▸ Instructions to follow: Filter the entries for the word "einem". Copy each line that has it.

▸ Entries shown:

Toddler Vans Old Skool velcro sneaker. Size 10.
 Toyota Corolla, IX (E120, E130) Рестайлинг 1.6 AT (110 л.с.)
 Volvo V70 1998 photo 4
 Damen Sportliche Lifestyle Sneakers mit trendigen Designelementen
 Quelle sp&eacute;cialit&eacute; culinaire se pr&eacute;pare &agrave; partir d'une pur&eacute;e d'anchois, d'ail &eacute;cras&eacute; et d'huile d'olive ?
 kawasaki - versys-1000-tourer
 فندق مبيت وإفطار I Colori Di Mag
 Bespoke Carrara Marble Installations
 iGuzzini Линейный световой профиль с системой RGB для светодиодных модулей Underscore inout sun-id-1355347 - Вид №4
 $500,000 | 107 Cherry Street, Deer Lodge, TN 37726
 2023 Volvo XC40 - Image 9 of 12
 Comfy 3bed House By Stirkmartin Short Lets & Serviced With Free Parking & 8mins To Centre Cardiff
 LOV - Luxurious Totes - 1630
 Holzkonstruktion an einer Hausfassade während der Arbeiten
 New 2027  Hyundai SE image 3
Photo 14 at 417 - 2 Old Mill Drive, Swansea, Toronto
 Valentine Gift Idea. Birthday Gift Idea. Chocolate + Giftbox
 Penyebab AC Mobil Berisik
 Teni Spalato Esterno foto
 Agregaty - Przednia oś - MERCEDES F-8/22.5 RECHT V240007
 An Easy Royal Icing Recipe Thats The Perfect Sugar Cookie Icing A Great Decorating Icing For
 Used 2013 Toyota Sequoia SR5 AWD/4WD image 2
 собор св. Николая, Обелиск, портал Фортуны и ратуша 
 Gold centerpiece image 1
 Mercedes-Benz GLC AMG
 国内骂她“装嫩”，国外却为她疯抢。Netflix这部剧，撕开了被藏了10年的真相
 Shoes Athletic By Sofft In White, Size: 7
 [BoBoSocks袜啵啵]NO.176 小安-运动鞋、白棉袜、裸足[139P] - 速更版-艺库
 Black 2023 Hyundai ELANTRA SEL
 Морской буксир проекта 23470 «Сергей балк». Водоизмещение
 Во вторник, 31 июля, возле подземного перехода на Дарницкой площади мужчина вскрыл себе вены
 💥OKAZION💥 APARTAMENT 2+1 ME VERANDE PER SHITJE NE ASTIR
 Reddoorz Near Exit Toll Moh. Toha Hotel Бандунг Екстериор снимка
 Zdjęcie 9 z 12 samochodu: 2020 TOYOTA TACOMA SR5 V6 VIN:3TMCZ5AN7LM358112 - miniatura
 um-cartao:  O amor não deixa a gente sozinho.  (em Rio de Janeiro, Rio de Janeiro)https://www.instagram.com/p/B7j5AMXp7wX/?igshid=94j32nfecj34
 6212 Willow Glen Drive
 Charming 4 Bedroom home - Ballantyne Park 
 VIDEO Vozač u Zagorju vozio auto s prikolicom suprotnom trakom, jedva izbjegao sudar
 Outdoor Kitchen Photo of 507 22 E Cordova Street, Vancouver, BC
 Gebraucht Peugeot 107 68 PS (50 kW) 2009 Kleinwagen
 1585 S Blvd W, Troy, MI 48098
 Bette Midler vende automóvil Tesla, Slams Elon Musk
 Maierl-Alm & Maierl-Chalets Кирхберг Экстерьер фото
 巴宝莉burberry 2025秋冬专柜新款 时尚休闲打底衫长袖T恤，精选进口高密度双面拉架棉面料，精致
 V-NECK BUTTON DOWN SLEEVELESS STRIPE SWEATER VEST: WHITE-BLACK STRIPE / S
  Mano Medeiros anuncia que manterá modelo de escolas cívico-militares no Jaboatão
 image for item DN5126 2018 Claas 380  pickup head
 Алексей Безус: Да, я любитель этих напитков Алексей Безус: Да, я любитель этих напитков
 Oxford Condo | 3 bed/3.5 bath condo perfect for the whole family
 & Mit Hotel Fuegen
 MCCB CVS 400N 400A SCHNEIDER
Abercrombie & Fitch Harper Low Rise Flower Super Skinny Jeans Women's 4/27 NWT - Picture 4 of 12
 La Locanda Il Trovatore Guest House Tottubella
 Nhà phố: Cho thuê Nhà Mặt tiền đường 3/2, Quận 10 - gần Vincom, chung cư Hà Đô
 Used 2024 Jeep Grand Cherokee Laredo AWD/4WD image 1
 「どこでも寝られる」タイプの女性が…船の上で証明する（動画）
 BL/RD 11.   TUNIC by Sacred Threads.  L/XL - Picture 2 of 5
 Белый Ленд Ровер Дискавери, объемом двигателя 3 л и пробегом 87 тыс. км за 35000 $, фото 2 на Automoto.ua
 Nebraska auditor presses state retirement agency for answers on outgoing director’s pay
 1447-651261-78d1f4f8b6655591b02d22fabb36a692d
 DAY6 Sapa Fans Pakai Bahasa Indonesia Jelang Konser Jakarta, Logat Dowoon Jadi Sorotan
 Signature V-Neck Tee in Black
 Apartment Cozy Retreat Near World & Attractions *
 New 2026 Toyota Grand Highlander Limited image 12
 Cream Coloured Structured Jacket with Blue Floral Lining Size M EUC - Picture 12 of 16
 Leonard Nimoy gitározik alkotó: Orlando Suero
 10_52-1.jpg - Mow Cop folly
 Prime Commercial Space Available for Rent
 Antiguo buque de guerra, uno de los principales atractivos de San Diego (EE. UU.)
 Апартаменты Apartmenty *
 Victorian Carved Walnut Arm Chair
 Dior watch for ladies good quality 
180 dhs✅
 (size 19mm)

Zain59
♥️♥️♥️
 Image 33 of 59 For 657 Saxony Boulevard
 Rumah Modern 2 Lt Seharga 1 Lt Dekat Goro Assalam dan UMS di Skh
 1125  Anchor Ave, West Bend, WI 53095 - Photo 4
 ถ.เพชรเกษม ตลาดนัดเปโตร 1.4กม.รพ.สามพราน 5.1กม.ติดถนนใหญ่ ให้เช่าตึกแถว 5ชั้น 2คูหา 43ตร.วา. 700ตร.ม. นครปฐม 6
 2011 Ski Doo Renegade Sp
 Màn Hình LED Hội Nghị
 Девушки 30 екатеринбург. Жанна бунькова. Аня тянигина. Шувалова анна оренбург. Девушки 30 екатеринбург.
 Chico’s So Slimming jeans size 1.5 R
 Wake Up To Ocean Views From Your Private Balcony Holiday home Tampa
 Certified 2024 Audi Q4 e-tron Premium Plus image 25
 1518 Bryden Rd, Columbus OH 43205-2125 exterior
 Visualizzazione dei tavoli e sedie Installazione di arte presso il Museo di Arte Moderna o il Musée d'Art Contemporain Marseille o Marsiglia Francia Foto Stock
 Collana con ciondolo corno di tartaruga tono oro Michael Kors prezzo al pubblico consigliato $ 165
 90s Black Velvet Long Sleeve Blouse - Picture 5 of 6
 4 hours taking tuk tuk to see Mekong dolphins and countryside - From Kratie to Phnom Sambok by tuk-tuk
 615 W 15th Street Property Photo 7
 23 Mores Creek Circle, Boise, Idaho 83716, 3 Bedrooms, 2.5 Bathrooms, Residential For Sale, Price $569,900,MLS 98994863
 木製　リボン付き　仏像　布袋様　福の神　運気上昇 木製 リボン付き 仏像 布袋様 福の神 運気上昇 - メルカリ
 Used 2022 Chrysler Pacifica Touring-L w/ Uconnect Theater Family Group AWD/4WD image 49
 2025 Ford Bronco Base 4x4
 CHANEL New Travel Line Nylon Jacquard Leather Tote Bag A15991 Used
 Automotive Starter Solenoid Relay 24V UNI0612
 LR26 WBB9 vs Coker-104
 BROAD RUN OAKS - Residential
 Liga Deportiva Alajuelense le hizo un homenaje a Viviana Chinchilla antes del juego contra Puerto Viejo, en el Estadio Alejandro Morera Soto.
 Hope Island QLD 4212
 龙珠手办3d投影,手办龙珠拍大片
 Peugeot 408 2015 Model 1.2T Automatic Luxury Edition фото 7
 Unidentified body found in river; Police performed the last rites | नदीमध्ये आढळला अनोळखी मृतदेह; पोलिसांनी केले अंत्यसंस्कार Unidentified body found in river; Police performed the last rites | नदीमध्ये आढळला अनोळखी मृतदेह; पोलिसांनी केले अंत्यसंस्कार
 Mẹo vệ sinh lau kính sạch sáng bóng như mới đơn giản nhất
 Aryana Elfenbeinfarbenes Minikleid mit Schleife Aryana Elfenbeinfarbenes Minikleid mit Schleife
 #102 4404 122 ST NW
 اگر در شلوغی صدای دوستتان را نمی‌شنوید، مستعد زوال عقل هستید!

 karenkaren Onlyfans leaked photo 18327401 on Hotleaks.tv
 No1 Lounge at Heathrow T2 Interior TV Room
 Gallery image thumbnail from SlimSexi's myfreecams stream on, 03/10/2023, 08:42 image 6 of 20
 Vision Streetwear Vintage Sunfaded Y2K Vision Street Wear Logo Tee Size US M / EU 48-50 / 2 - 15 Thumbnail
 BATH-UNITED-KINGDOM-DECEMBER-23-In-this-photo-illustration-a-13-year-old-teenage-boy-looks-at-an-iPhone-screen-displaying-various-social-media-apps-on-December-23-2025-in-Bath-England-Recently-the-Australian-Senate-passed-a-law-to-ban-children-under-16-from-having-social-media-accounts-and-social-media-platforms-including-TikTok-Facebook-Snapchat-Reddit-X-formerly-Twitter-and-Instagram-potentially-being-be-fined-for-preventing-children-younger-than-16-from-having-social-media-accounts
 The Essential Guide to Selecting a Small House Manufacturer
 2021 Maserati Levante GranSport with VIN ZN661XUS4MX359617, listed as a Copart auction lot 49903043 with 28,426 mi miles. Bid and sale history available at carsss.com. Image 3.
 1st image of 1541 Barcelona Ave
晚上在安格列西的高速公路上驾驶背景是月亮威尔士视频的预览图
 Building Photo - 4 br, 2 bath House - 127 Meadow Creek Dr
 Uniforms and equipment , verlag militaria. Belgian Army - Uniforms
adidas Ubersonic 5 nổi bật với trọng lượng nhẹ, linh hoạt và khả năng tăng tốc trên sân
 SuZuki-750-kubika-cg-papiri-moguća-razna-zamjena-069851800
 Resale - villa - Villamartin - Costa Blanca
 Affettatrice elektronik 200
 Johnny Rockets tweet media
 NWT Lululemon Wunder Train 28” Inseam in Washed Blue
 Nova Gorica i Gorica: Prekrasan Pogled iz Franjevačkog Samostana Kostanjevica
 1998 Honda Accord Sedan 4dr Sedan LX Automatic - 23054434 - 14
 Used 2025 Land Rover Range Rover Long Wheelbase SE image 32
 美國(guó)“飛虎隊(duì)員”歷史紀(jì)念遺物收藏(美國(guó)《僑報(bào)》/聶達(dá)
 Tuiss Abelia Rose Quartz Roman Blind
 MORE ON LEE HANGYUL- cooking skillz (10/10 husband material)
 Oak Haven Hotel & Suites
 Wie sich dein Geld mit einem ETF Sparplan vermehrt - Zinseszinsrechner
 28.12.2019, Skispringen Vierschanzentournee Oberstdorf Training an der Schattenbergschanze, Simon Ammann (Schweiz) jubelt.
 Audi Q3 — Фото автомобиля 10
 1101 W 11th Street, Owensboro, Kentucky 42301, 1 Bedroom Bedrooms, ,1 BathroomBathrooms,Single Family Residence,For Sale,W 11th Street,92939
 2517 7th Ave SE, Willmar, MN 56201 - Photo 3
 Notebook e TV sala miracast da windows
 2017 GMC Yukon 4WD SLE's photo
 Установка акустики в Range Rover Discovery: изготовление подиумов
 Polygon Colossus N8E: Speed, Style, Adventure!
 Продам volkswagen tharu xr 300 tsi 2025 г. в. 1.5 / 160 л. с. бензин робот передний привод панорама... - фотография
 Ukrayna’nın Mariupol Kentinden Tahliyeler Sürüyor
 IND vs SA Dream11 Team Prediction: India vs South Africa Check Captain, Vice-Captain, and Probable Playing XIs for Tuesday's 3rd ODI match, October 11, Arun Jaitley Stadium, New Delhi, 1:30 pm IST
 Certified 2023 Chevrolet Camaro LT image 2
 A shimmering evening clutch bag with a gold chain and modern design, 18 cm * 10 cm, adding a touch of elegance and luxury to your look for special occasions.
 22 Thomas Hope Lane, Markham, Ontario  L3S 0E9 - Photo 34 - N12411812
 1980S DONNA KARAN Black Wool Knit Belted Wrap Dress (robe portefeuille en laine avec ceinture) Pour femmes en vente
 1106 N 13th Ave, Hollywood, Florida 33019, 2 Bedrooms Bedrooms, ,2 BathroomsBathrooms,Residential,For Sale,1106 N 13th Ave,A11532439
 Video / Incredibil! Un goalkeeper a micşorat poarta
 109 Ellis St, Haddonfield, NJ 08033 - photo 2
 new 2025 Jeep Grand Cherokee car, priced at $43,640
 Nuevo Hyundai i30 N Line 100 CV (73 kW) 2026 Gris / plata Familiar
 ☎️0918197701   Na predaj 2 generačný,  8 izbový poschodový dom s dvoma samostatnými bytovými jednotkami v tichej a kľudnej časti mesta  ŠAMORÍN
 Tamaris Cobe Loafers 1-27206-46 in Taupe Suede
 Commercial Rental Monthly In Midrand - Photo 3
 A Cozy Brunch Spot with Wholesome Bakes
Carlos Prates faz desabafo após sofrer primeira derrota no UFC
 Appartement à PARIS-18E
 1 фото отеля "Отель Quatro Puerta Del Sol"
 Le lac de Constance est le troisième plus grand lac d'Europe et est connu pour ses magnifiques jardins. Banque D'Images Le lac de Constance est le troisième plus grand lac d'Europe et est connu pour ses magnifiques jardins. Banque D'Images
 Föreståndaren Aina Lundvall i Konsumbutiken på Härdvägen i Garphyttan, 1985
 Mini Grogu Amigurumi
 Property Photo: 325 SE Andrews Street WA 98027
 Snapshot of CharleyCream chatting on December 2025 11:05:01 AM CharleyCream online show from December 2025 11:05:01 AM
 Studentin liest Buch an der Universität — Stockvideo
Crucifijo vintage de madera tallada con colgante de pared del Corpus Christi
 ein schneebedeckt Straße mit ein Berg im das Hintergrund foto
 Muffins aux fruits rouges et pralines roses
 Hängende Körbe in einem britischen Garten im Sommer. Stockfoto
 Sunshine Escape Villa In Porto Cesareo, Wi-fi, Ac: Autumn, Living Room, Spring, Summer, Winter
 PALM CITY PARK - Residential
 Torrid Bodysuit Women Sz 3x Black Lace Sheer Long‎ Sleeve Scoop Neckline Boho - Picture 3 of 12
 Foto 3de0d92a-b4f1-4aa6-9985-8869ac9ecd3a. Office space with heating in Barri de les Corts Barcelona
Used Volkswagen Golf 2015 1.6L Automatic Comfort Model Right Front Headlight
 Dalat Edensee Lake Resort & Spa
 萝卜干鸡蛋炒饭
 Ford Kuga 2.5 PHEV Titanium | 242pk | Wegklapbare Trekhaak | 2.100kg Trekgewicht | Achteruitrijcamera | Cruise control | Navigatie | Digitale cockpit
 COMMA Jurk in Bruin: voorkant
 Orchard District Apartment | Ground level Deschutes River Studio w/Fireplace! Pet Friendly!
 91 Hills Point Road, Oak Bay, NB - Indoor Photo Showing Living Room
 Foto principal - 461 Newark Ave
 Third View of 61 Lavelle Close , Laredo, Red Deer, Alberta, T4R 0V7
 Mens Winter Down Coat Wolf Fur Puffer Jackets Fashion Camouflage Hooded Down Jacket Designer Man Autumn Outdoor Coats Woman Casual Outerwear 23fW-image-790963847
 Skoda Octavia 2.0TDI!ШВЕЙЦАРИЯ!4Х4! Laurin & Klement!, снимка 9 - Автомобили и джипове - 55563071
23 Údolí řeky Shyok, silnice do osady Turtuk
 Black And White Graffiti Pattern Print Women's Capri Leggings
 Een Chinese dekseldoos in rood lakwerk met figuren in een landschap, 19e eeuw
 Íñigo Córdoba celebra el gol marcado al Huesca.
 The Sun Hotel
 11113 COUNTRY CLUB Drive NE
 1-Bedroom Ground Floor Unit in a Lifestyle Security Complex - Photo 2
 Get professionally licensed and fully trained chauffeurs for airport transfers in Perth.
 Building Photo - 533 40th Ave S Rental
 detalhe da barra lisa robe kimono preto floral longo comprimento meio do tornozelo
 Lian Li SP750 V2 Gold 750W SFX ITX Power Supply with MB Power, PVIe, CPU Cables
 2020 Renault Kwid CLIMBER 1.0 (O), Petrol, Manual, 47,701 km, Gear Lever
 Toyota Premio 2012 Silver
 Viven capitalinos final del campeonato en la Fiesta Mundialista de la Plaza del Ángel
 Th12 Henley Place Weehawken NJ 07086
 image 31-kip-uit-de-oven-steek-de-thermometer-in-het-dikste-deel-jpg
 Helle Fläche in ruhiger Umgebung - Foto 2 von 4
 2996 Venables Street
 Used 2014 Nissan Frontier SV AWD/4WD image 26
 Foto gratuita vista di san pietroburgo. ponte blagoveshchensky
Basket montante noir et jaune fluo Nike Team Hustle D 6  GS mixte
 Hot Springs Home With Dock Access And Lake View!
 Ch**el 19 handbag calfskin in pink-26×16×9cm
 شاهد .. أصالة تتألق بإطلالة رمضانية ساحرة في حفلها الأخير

▸ Task result:
 Wie sich dein Geld mit einem ETF Sparplan vermehrt - Zinseszinsrechner
 Hängende Körbe in einem britischen Garten im Sommer. Stockfoto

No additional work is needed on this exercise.